Instructions for the task: Retype, word for word, the lines from the first line of the entries through the line that holds "Used 2012 Toyota"; leave out the pictures.

[Saved entries]
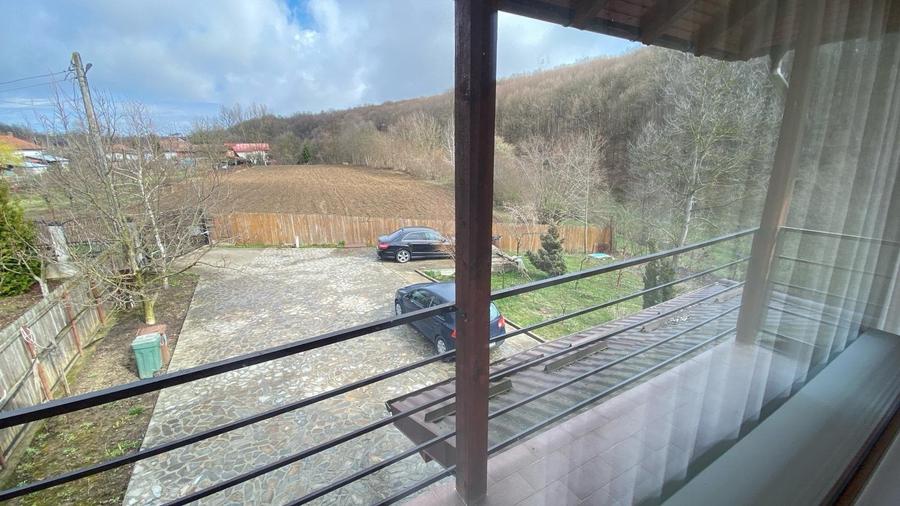 Casă individuală cu 5 camere cu Teren 1017 Mp în Bascov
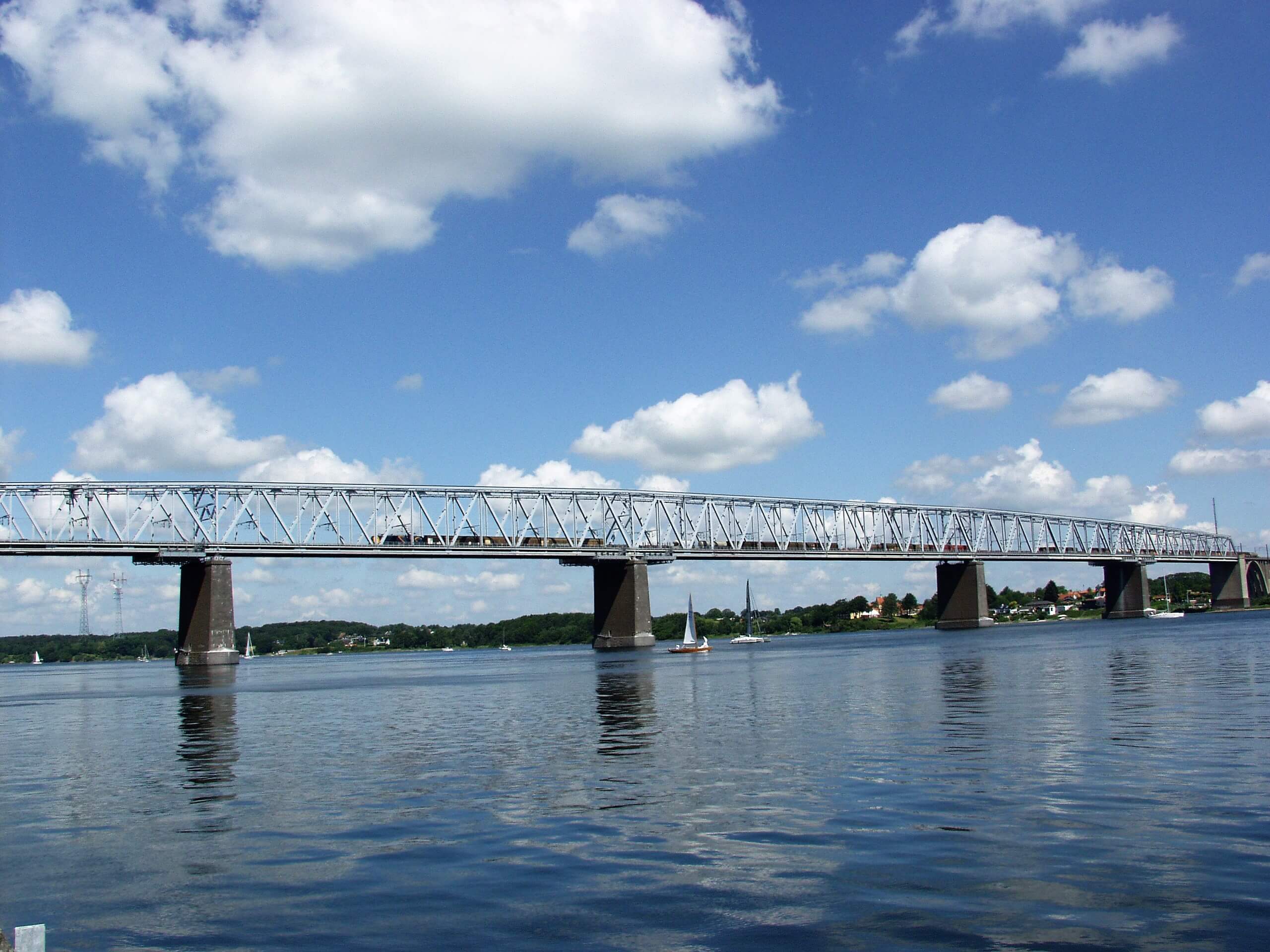 Die Brücke über den Kleinen Belt von Fünen nach Jütland
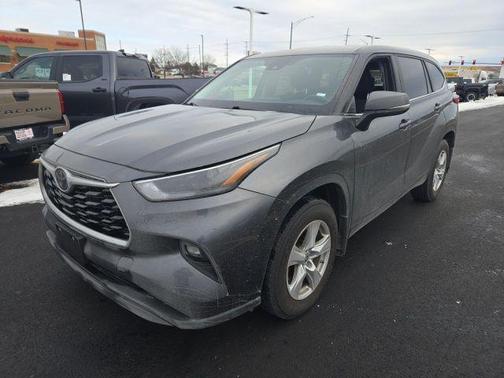2023 Toyota Highlander LE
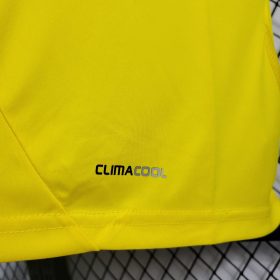 Retro Real Madrid 2011/12 Goalkeeper Jersey - Image 8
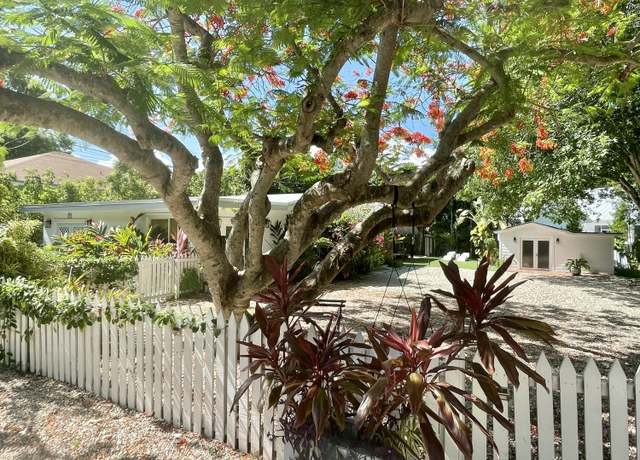 Property at 113 Key Heights Dr, Plantation Key, FL 33070, 3 beds, 2 baths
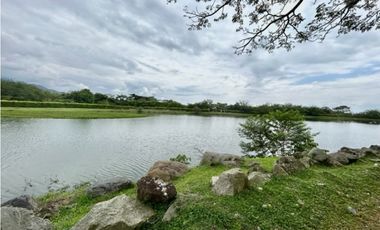 (J) LOTE PARA LA VENTA LAGOS DE MARACAIBO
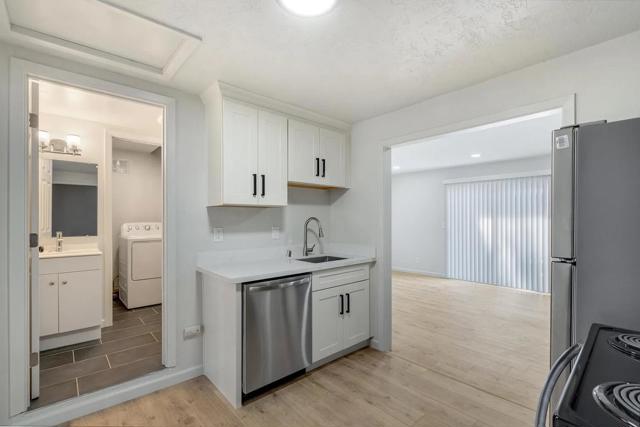 1995 Sumatra Avenue, San Jose CA: https://media.crmls.org/mediaz/4f9082b9-e7ca-422a-b1c9-090d4c5019d1.jpg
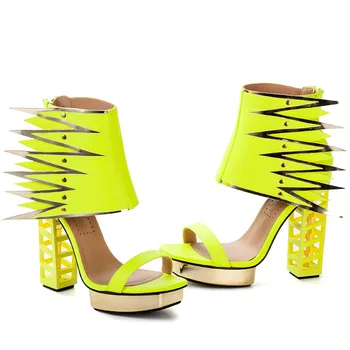 Розови длани летни обувки за жени на високи токчета ажурни метални токчета платформи, сандали странен квадратен ток с крило от неон жълт
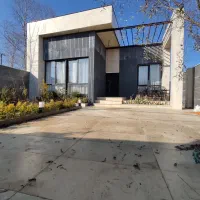 ویلای-مدرن-بر-یک-روستا-شخصی-ساز-سند-تک-برگ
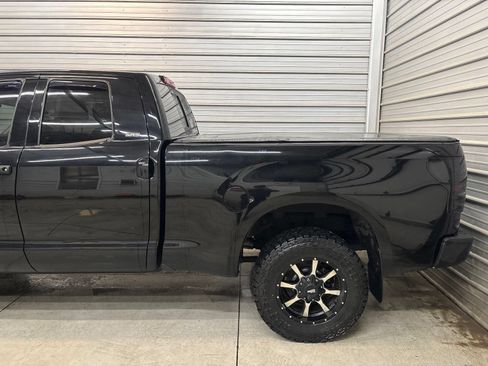 Used 2012 Toyota Tundra 4x4 Double Cab w/ SR5 Pkg image 5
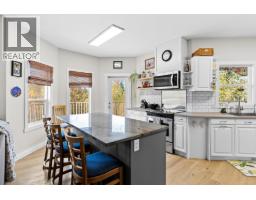 Kitchen - 4614 June Springs Road, Kelowna, BC V1W4C8 Photo 8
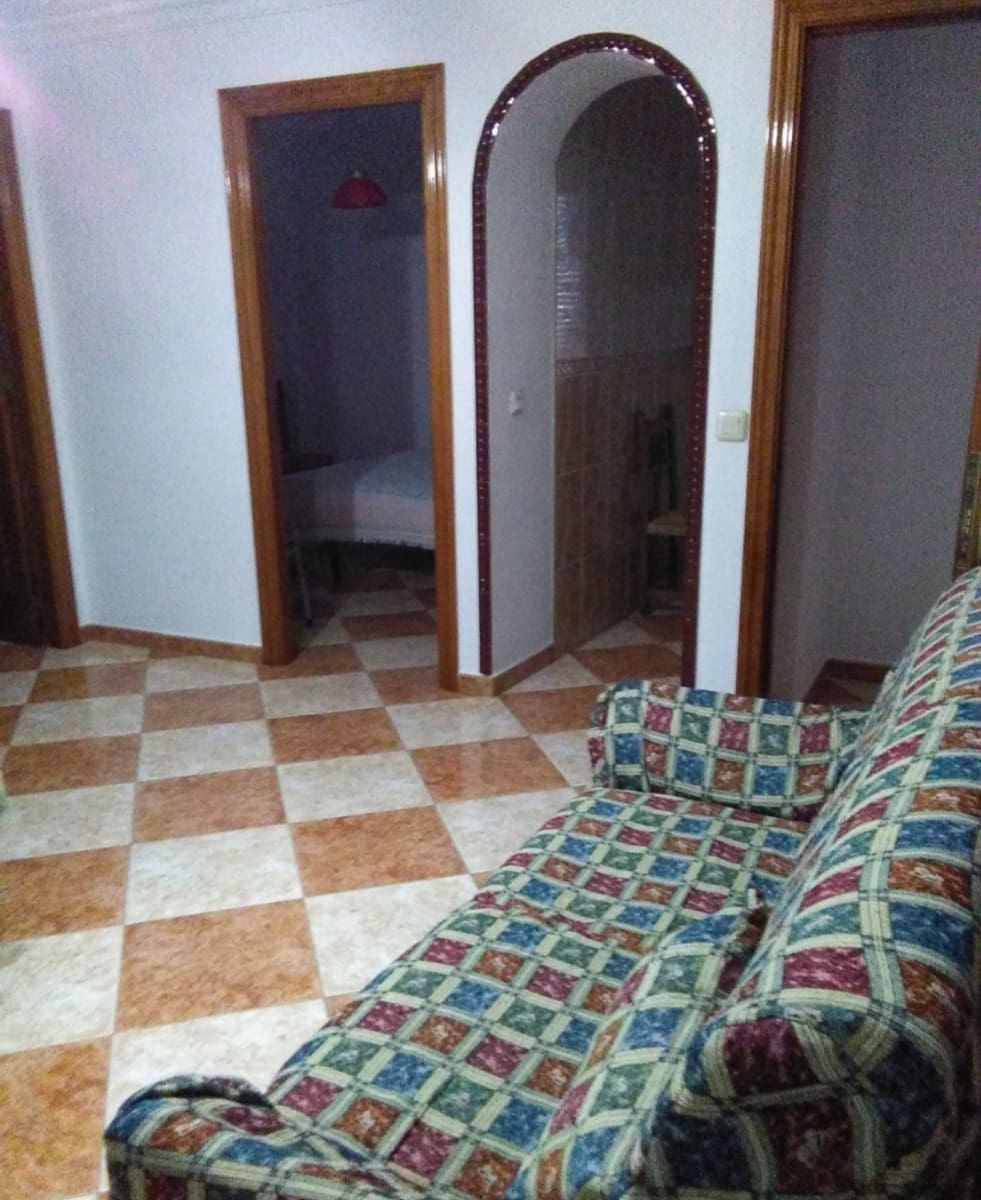 8 soveværelse Semi-Rækkehus til salg i Tolox - € 270.000 (Ref: 9008393)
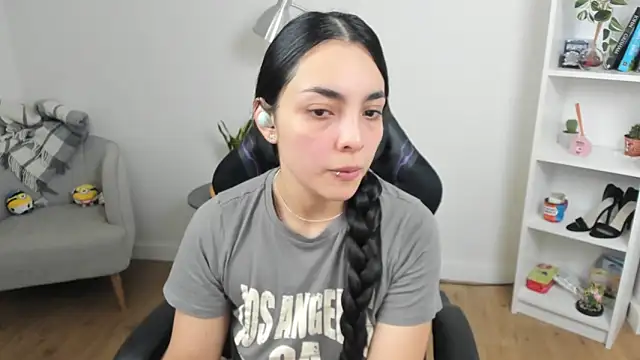 Snapshot of _BellaEvans_ chatting on March 17, 2025, 5:34 am BellaEvans online show from March 17, 2025, 5:34 am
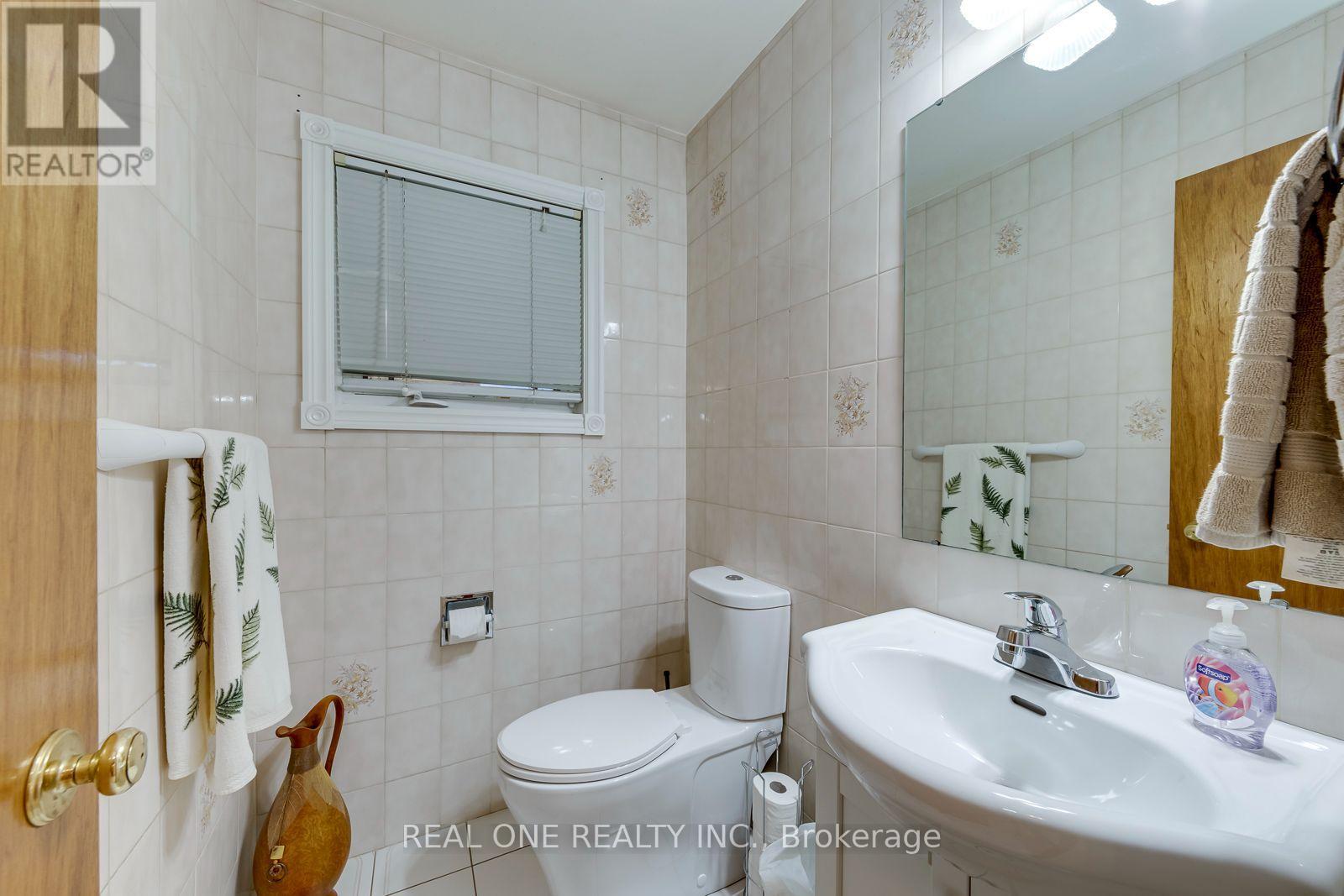 1332 Greenwood Crescent, Oakville, Ontario  L6J 6V3 - Photo 19 - W13822652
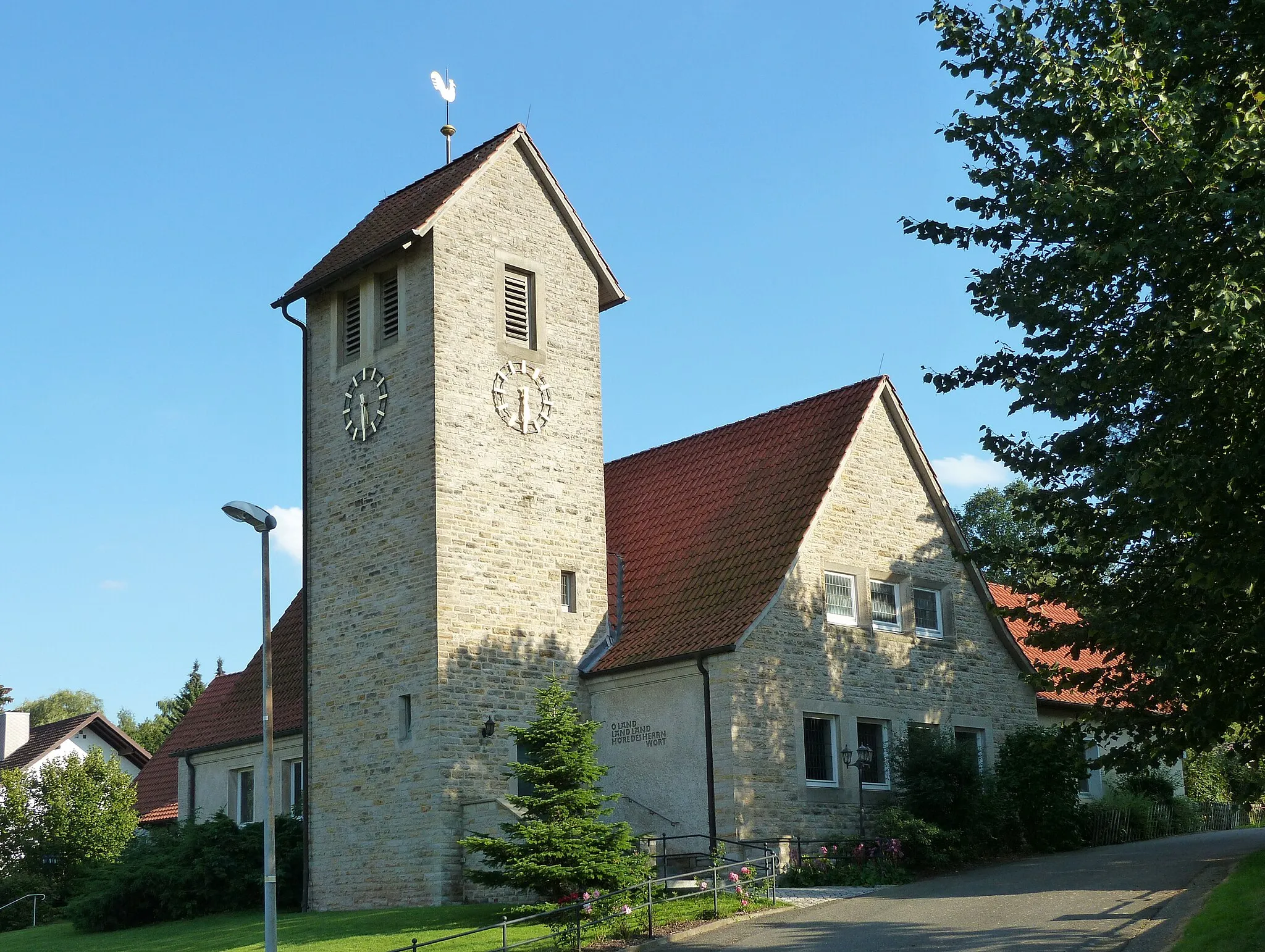 Photo showing: Evangelisch-lutherische Heilig-Geist-Kirche in Hilkerode, Stadt Duderstadt, südniedersächsisches Eichsfeld. Erbaut 1959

Solution below:
 Casă individuală cu 5 camere cu Teren 1017 Mp în Bascov
 Die Brücke über den Kleinen Belt von Fünen nach Jütland
2023 Toyota Highlander LE
 Retro Real Madrid 2011/12 Goalkeeper Jersey - Image 8
 Property at 113 Key Heights Dr, Plantation Key, FL 33070, 3 beds, 2 baths
 (J) LOTE PARA LA VENTA LAGOS DE MARACAIBO
 1995 Sumatra Avenue, San Jose CA: https://media.crmls.org/mediaz/4f9082b9-e7ca-422a-b1c9-090d4c5019d1.jpg
 Розови длани летни обувки за жени на високи токчета ажурни метални токчета платформи, сандали странен квадратен ток с крило от неон жълт
 ویلای-مدرن-بر-یک-روستا-شخصی-ساز-سند-تک-برگ
 Used 2012 Toyota Tundra 4x4 Double Cab w/ SR5 Pkg image 5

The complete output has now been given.